Un nouveau boycott depuis la guerre à Gaza
Peu après le début de la guerre en Palestine, une nouvelle polémique autour de Starbucks commence à enfler sur les réseaux sociaux. L’enseigne a en effet intenté un procès contre le syndicat Workers United qui a utilisé son nom et son logo pour poster un tweet de solidarité à l’égard des Palestiniens. S’ensuit une rumeur selon laquelle l’ancien dirigeant de Starbucks, Howard Shultz, aurait financé l’État d’Israël. Sans que la rumeur ne soit prouvée, l’enseigne se retrouve sur des listes recensant les multinationales qui financeraient l’armée israélienne.
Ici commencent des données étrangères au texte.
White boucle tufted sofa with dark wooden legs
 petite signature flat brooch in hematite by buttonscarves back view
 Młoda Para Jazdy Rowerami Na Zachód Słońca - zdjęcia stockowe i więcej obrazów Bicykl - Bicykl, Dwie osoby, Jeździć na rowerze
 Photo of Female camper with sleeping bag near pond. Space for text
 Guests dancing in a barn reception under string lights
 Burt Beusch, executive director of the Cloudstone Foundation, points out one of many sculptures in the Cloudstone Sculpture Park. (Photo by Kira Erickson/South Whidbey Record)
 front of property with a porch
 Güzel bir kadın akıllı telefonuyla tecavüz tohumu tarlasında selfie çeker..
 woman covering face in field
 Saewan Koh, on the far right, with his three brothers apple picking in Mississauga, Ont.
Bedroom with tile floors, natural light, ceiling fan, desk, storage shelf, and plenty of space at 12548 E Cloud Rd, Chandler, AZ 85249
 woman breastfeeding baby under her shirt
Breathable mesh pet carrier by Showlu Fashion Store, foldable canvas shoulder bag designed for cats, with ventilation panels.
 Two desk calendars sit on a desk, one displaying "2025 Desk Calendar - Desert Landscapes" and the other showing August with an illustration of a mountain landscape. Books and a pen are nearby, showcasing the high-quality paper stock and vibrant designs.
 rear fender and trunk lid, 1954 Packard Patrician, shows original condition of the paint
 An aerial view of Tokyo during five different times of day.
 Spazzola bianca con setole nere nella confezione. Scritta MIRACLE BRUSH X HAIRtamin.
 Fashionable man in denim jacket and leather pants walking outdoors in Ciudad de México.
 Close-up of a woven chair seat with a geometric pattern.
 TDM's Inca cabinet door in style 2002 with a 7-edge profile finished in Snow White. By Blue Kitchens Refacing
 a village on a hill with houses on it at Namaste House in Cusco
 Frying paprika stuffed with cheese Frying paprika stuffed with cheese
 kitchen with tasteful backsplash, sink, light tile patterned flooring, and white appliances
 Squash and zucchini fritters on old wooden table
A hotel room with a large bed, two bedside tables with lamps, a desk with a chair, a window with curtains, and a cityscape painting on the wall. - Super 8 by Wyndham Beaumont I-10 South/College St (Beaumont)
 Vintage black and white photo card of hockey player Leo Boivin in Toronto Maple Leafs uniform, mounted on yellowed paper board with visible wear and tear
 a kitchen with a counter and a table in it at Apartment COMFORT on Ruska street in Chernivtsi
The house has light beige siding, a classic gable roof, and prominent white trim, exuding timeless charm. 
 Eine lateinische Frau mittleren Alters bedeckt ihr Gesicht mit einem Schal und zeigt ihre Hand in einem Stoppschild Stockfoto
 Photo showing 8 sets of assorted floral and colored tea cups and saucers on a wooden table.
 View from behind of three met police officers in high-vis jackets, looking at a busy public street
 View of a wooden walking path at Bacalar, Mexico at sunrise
L’entreprise tente pourtant de se défendre par un message publié sur son site officiel : « Notre position reste inchangée. Starbucks représente l’humanité. Nous condamnons la violence, la perte de vies innocentes et tout discours haineux et instrumentalisé. […] Nous n’utilisons pas nos bénéfices pour financer des opérations gouvernementales ou militaires […]. » Mais sa campagne de communication ne suffit pas à contrer les fortes accusations à son égard. Certains cafés sont la cible de vandalisme, et ses ventes, bien que toujours élevées, sont moins positives que prévu. Laxman Narasimhan, PDG de Starbucks, doit revoir à la baisse ses prévisions pour l’année 2024, avec une hausse de 4 à 6 % de chiffre d’affaires contre 5 à 7 %, pour l’année précédente. L’entreprise devrait ainsi perdre une douzaine de milliards de dollars de capitalisation boursière à Starbucks en vingt jours, soit un peu plus de 9% de sa valeur. Contrairement à l’affaire Nelson-Robinson, Starbucks n’a pas su répondre efficacement à cette nouvelle polémique. Elle a sous-estimé la gravité et la sensibilité du sujet, mais surtout les conséquences de la désinformation de masse sur les réseaux sociaux. Les moyens mis en place étaient donc trop maigres, les réactions trop tardives. La réputation de l’enseigne demeure aujourd’hui entachée.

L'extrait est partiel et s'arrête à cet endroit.